There is evidence that the concomitant use of ACE inhibitors, ARBs or aliskiren increases the risk of hypotension, hyperkalaemia, and decreased renal function (including acute renal failure). Dual blockade of RAAS through the combined use of ACE inhibitors, ARBs or aliskiren is therefore not recommended (see sections 4.5 and 5.1).

If dual blockade therapy is considered absolutely necessary, this should only occur under specialist supervision and subject to frequent close monitoring of renal function, electrolytes and blood pressure. ACE inhibitors and ARBs should not be used concomitantly in patients with diabetic nephropathy.

Non-melanoma skin cancer

An increased risk of non-melanoma skin cancer (NMSC) [basal cell carcinoma (BCC) and squamous cell carcinoma (SCC)] with increasing cumulative dose of hydrochlorothiazide exposure has been observed in two epidemiological studies based on the Danish National Cancer Registry. Photosensitising actions of hydrochlorothiazide could act as a possible mechanism for NMSC.

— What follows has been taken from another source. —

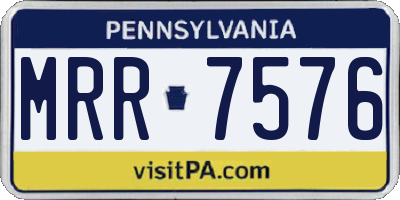 PA license plate MRR7576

Patients taking hydrochlorothiazide should be informed of the risk of NMSC and advised to regularly check their skin for any new lesions and promptly report any suspicious skin lesions. Possible preventive measures such as limited exposure to sunlight and UV rays and, in case of exposure, adequate protection should be advised to the patients in order to minimise the risk of skin cancer. Suspicious skin lesions should be promptly examined potentially including histological examinations of biopsies. The use of hydrochlorothiazide may also need to be reconsidered in patients who have experienced previous NMSC (see also section 4.8).

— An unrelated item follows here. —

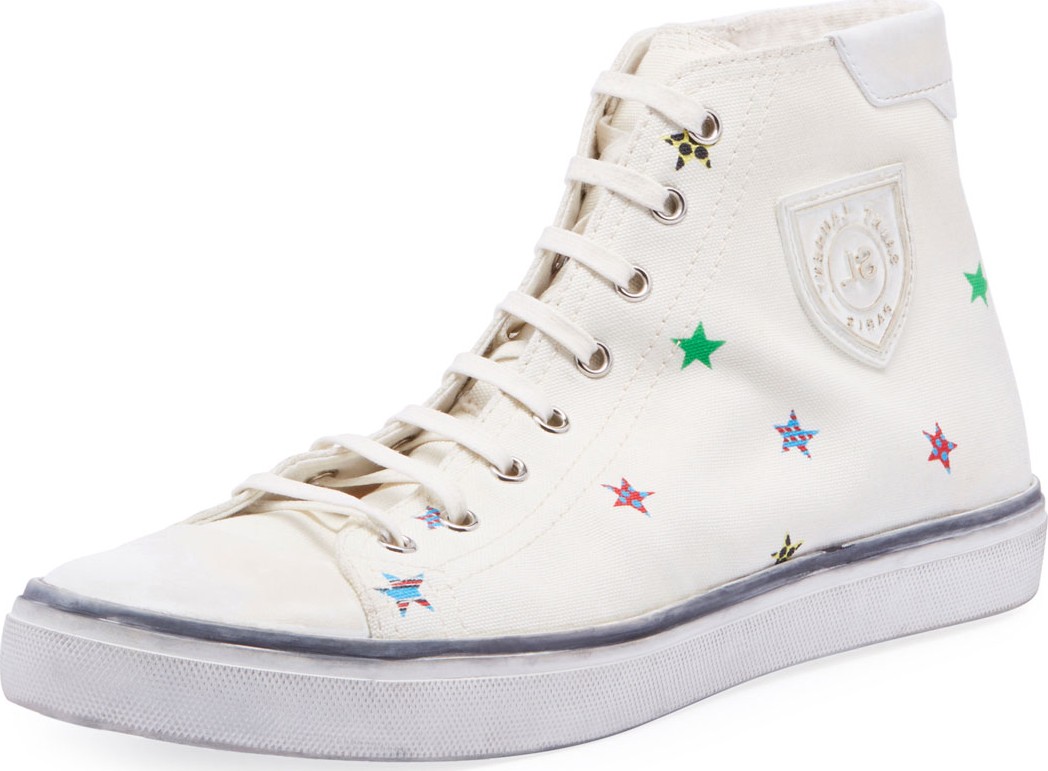 Saint Laurent Men's Bedford Star-Print High-Top Sneakers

Acute respiratory toxicity

Very rare severe cases of acute respiratory toxicity, including acute respiratory distress syndrome (ARDS), have been reported after taking hydrochlorothiazide. Pulmonary oedema typically develops within minutes to hours after hydrochlorothiazide intake. At the onset, symptoms include dyspnoea, fever, pulmonary deterioration and hypotension. If diagnosis of ARDS is suspected, Copalia HCT should be withdrawn, and appropriate treatment given. Hydrochlorothiazide should not be administered to patients who previously experienced ARDS following hydrochlorothiazide intake.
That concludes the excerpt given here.